April 10 (Bloomberg) -- Japanese stocks rose, with the Topix Index capping its longest win streak this year, on optimism the yen’s weakness will improve the earnings outlook for exporters.
Exporters to Europe Nintendo Co. and Nippon Sheet Glass Co. jumped more than 10 percent after the yen reached a three-year low against the euro. Cosmo Oil Co. surged 11 percent on a report the refiner’s pretax profit for the year ending March 2014 may increase 50 percent. Hitachi Construction Machinery Co., a machinery maker that gets 17 percent of its revenue in China, gained 2.3 percent after imports to the world’s second-biggest economy surged 14 percent.
The Topix advanced 1.7 percent to close at 1,121.04 in Tokyo with about two stocks rising for each that fell. It capped a six-day rally, the longest streak since December. The Nikkei 225 Stock Average gained 0.7 percent to 13,288.13. Volume was 54 percent above the 30-day average. Shares maintained gains after China reported a trade deficit in March and amid concern North Korea may conduct a missile test.

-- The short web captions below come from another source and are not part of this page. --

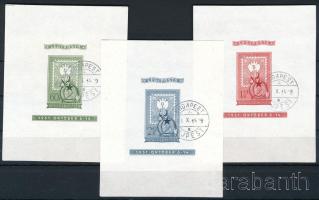 1951 80 éves a magyar bélyeg vágott blokksor Mi 20-22 imperforate block set
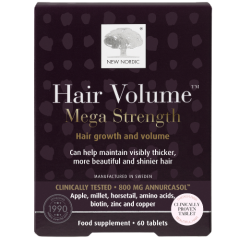 Maisto papildas plaukams NEW NORDIC HAIR VOLUME MEGA STRENGTH, 60 tablečių
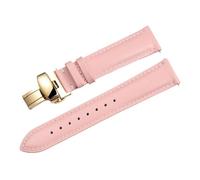 NASUNJIA Quick Release Smooth Genuine Calfskin Leather Watchband 14/18/20/ 22mm Straps With Solid Butterfly Buckle Business(Pink-gold,14mm)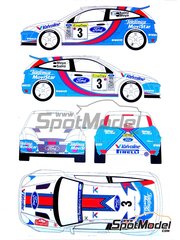 Renaissance Models: Decoracin escala 1/24 - Ford Focus WRC patrocinado por Martini Telefonica Movistar N 3, 4 - Carlos Sainz (ES) + Luis Moya (ES), Colin McRae (GB) + Nicky Grist (GB) - Rally de Monte Carlo - Rallye Automobile de Monte-Carlo 2001 - piezas de resina, calcas de agua y manual de instrucciones - para las referencias de Tamiya TAM24217 y TAM24261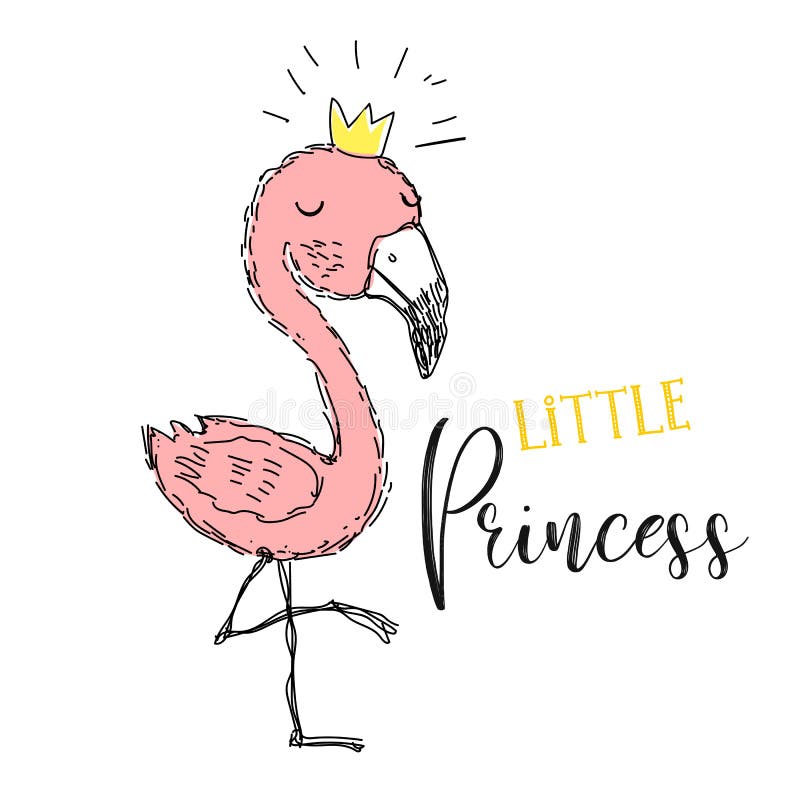 Flamingo Kleine Prinzessin Flamingomädchen in einer netten Art beschreibung Vektor lizenzfreie abbildung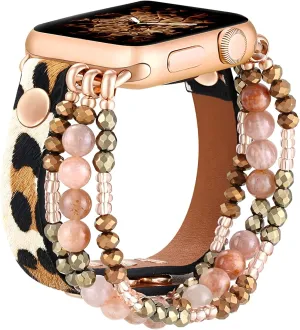 fastgo Bracelet Band Beaded Compatible with Apple Watch 38mm 40mm 41mm Women, Elastic Leather Leopard Strap for Iwatch SE& Series 9 Ultra 8 7 6 5 4 3 2 1(Cheetah/Gold,38/40/41mm)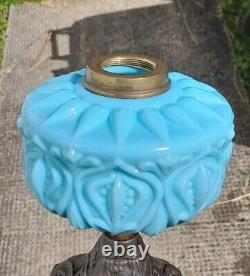 Victorian Sky Blue Molded Cased Glass Oil Lamp Font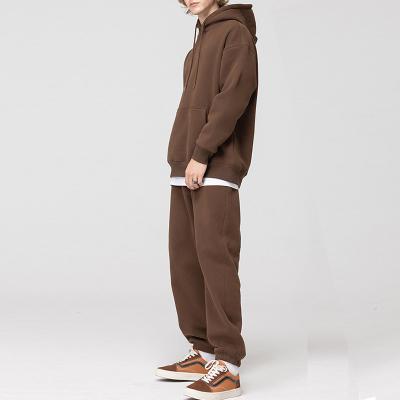 China Breathable Sports Long Sleeves Hoodie Pullover Sweatshirt Embroidered Brown Unisex High Quality Custom Hoodies Casual Sweatpants Set for sale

“The yen’s drop will lift earnings naturally,” said Isao Kubo, a Tokyo-based equity strategist at Nissay Asset Management Corp., which oversees about 5 trillion yen ($50 billion.) “Japan has done fairly aggressive monetary easing without drawing criticism from other nations, which makes me think the yen will stay in a downtrend for a while.”
The Topix surged 55 percent from mid-November as Prime Minister Shinzo Abe and central bank Governor Haruhiko Kuroda pledged to defeat 15 years of deflation. The gauge traded at 1.3 times book value compared with 2.4 for the Standard & Poor’s 500 Index and 1.6 for the Stoxx Europe 600 Index, according to data compiled by Bloomberg.
The BOJ on April 4 said it will double the monetary base by the end of 2014 by buying government bonds, its boldest round of quantitative easing. The central bank is scheduled to make the next policy announcement on April 26.
The yen has weakened against all of its 16 major counterparts this year on speculation the BOJ’s stimulus will debase the currency. The yen reached 130.09 per euro yesterday, the lowest level since January 2010. A weaker yen boosts the value of overseas earnings at Japanese exporters when repatriated home.
Nintendo, a maker of video-game players that depends on Europe for a third of its sales, soared 11 percent to 11,850 yen, the biggest gain since 2008. Nippon Sheet Glass Co., a glass maker that gets 41 percent of its sales in Europe, surged 13 percent to 117 yen, the most since Feb. 5. Canon Inc., a camera maker that gets 79 percent of its revenue abroad, rose 2 percent to 3,545 yen.
Futures on the S&P 500 Index advanced 0.1 percent before the Federal Open Market Committee releases minutes of its March 19-20 meeting today. The gauge rose 0.4 percent yesterday on optimism over earnings and as commodities gained after a report showed China’s inflation rate slowed, easing pressure on policy makers to tighten credit.
China’s exports increased 10 percent in March from a year earlier, the customs administration said today in Beijing. That compares with 21.8 percent growth in February and the 11.7 percent median estimate in a Bloomberg News survey of 36 economists. Imports rose by an above-forecast 14.1 percent, leaving an unexpected trade deficit of $880 million.
Japanese exporters to China advanced with Hitachi Construction adding 2.3 percent to 2,230 yen. TDK Corp., a maker of electronics components that depends on China for 27 percent of its sales, rose 4.2 percent to 3,390 yen.
Cosmo Oil jumped 11 percent to 220 yen after the Nikkei newspaper reported its pretax profit for the year ending March 2014 may rise 50 percent to 60 billion yen on a weaker yen and the valuation of oil inventory, without attribution.
Aeon Co., Japan’s biggest retailer, gained 5.7 percent to 1,352 yen before reporting its results tomorrow after the market closes. It’s among 17 companies on the 1,698-member Topix set to report earnings tomorrow, according to data compiled by Bloomberg.
Universal Entertainment Corp., a gaming company, plunged 16 percent to 1,666 yen as Chairman Kazuo Okada faces a U.S. criminal investigation related to his Philippine casino project.
The U.S. asked to intervene in a lawsuit brought by Wynn Resorts Ltd., which accused Okada of making improper payments to Philippine gaming regulators. The Justice Department said in an April 8 filing in state court in Las Vegas that it doesn’t want the civil case to disrupt its criminal investigation into the same underlying allegations.
The Nikkei Stock Average Volatility Index dropped 4.1 percent to 28.43, indicating traders expect a swing of about 8 percent on the benchmark gauge over the next 30 days.